I experienced this directly on a project early in my practice. I could see that what the client needed from the design and what the numbers assumed were heading in different directions.

I flagged it once, quietly, and then let the project momentum carry us forward. That choice came back later, at construction, in the form of costs that neither of us had budgeted for.

The conversation I avoided in the design phase turned into a much harder conversation on site.

Pointing out that the pro forma and the design are telling different stories can feel like pulling a fire alarm in a quiet room. But the alternative is waiting until the building tells you itself, which it always does, just at a much higher price.

You Are Already Paying for Early Design Thinking

Here is the argument developers rarely hear framed this way: skipping early architect involvement does not actually save that money. It gets spent anyway, just later and less efficiently.

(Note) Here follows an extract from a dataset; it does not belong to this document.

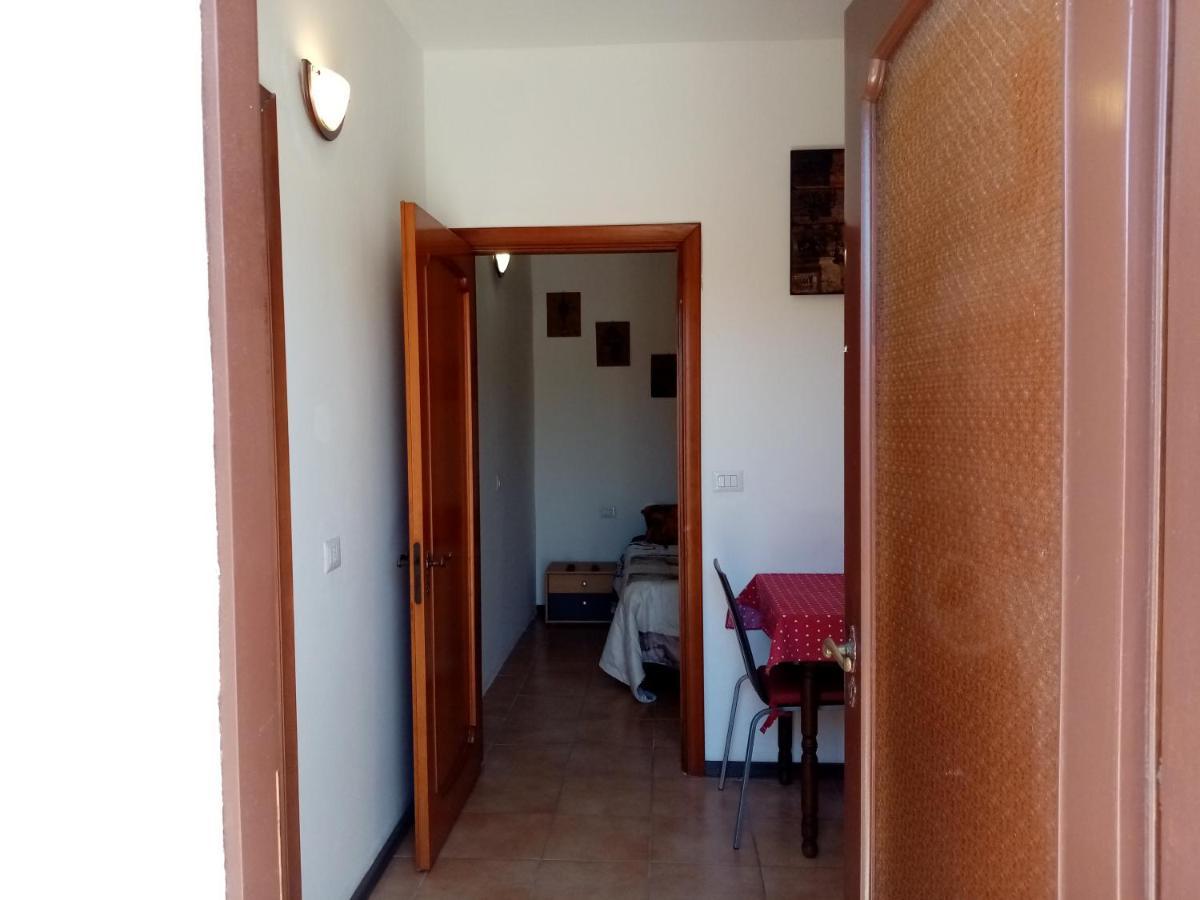 Guest House Parabita Bagian luar foto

One of the more common patterns in mid-rise development is the unit mix decision made entirely from market research, with no design input in the room.

A report recommends maximizing one-bedroom units based on downtown condo data, the numbers look defensible, and the decision gets locked. What the report cannot tell you is whether the building’s floor plate can actually deliver that mix without producing units that are narrow, poorly lit, or awkward enough that buyers hesitate.

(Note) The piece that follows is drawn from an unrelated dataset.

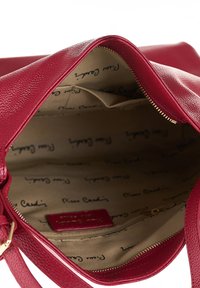 Rode leren handtas met een gestructureerde buitenkant. De open bovenkant onthult een beige interieur met een ritszak en een gedrukt logopatroon op de voering.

By the time that reality surfaces, it shows up as slow sales and quiet discounting, both of which cost more than an early design review would have.

The same logic applies when design problems surface late in the process. A mechanical room ends up in the wrong location, and several units on every floor become difficult to sell because of noise.

Fixing it at working drawing stage means change orders across multiple consultants, and the cumulative cost of that correction routinely exceeds the early design fee that was trimmed to keep the budget lean.

Early architect involvement is not an argument for spending more. The money is already in the budget, it is just currently going to permit expediters, change orders, and carrying costs on delays that compound until they become hard to ignore.

Bringing design thinking in earlier is a reallocation, not an addition.

The perception that design is expensive is understandable, but in mid-rise development the more accurate statement is that design deferred is design paid for twice.

Final Thought

My friend and I never did end up working on that project together.

The development did not move forward, and we have not had that conversation since. But what he shared with me that day, without intending to, was a clear picture of how mid-rise developers think about design, and why that thinking tends to cost more than it saves.

As Toronto pushes toward more mid-rise construction to address housing shortages, that conversation is going to repeat itself across hundreds of projects. The instinct to lock the numbers first and fit the design in after is understandable, but the building has a way of pushing back eventually.

Mediocre is not cheaper in mid-rise, in business, or in most things.

It just moves the invoice to a moment when you have much less room to absorb it. Which means the most expensive words in development are probably the ones said quietly at the end of a meeting: “that’s probably fine.”